PROBLEM: Only the lines from the line containing "Rose Gold Earring" through the final line of the entries should be printed, exactly as given, with the pictures left out.

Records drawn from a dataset
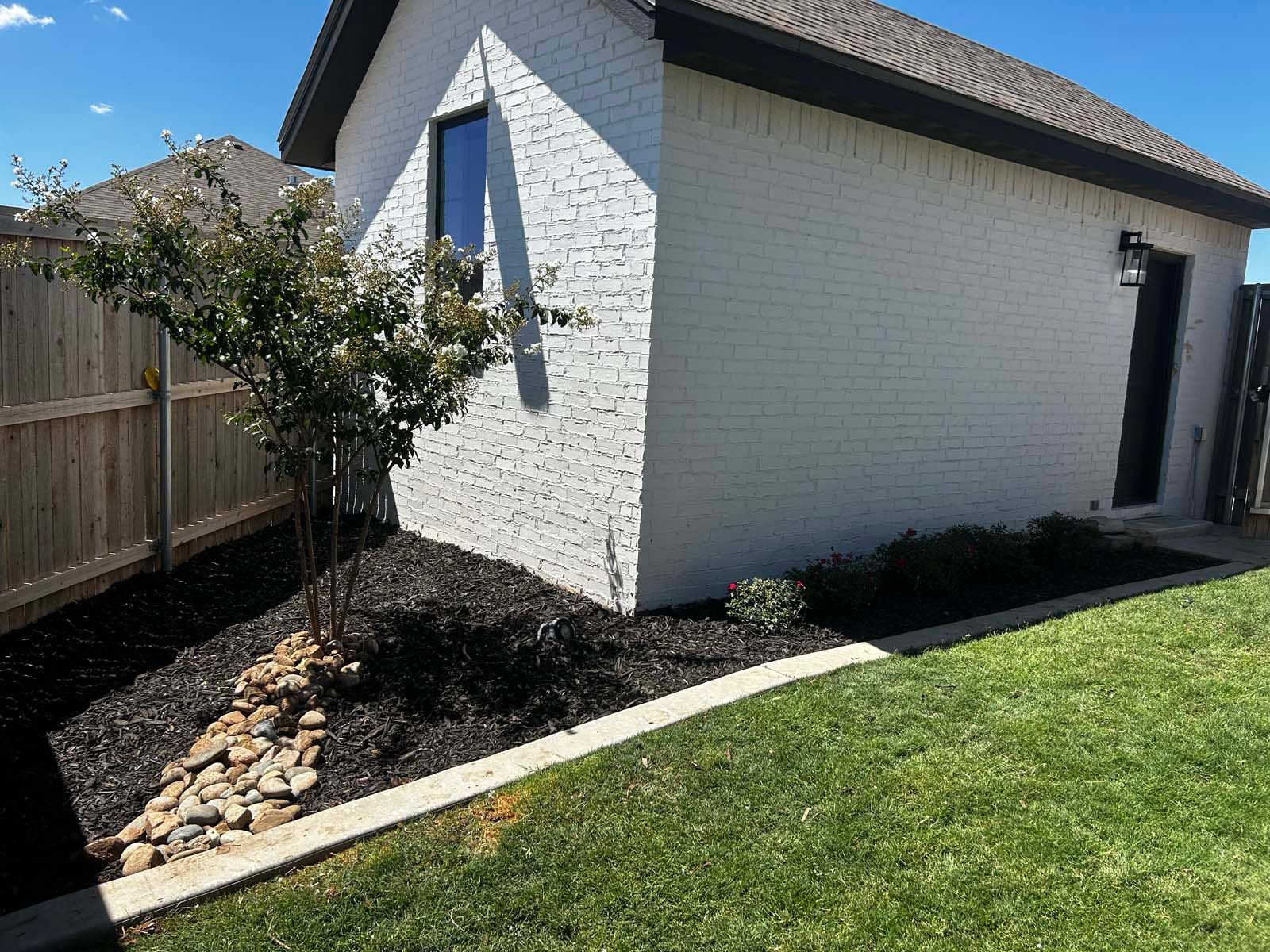 A white brick house with a wooden fence in the backyard.
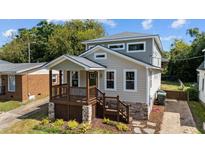Two-story craftsman home with a front porch and landscaped yard at 605 Quarry St, Raleigh, NC 27601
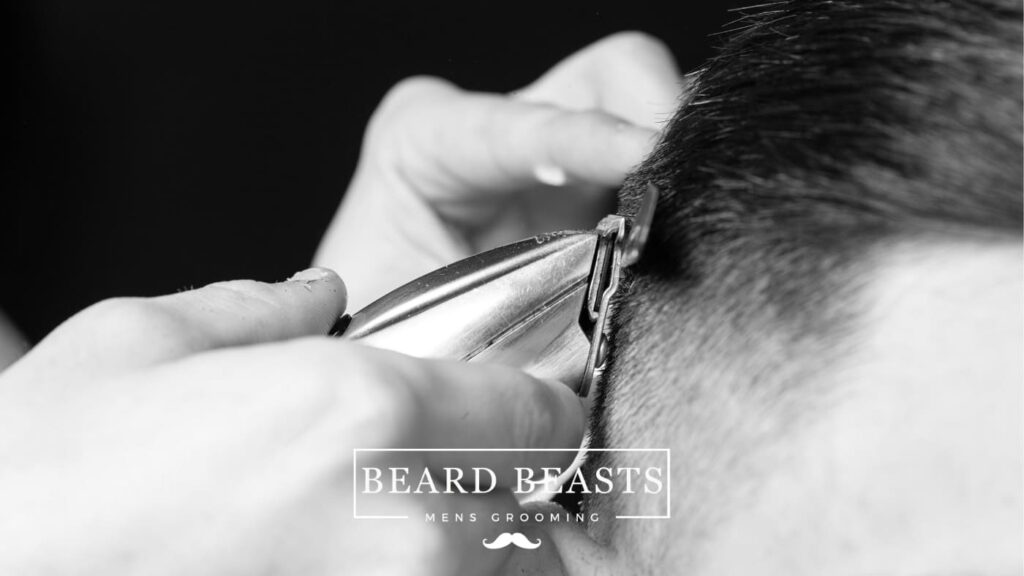Close-up view of a barber using clippers to create a taper fade haircut, demonstrating the technique after a client has learned how to ask for a taper fade.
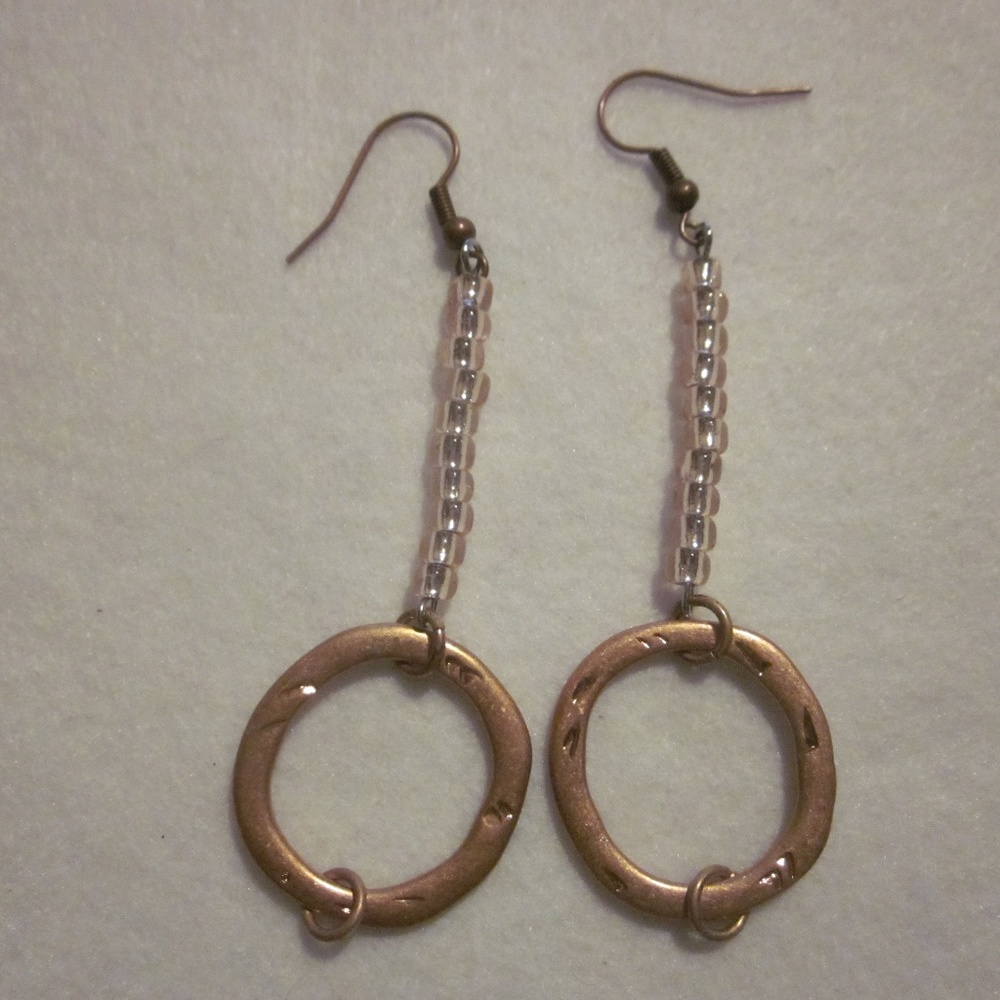 NWOT.  Rose Gold Earring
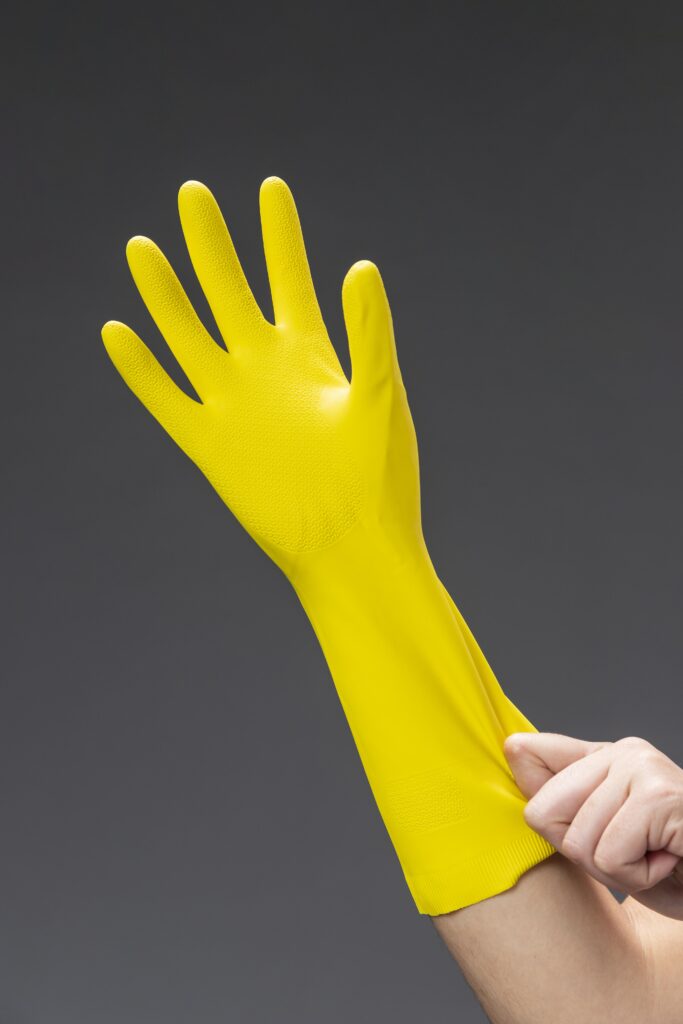close up woman hand with glove close up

ANSWER TO THIS EXERCISE:
 NWOT.  Rose Gold Earring
close up woman hand with glove close up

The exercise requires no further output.